Assignment: For this exercise, output the line holding "BROQUELES ORO 14K 1 (NUEVO)" and all subsequent lines of the entries below, unchanged, up to and including the last.

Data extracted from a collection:
------------------------------------------------------------------------

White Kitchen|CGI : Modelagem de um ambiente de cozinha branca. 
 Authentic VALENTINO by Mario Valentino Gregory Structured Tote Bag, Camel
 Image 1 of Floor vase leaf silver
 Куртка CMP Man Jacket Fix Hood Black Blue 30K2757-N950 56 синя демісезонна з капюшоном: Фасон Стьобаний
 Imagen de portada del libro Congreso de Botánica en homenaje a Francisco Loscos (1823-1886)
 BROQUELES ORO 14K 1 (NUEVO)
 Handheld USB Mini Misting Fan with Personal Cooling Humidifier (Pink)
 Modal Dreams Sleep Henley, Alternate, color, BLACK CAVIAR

------------------------------------------------------------------------

Result of this exercise:
 BROQUELES ORO 14K 1 (NUEVO)
 Handheld USB Mini Misting Fan with Personal Cooling Humidifier (Pink)
 Modal Dreams Sleep Henley, Alternate, color, BLACK CAVIAR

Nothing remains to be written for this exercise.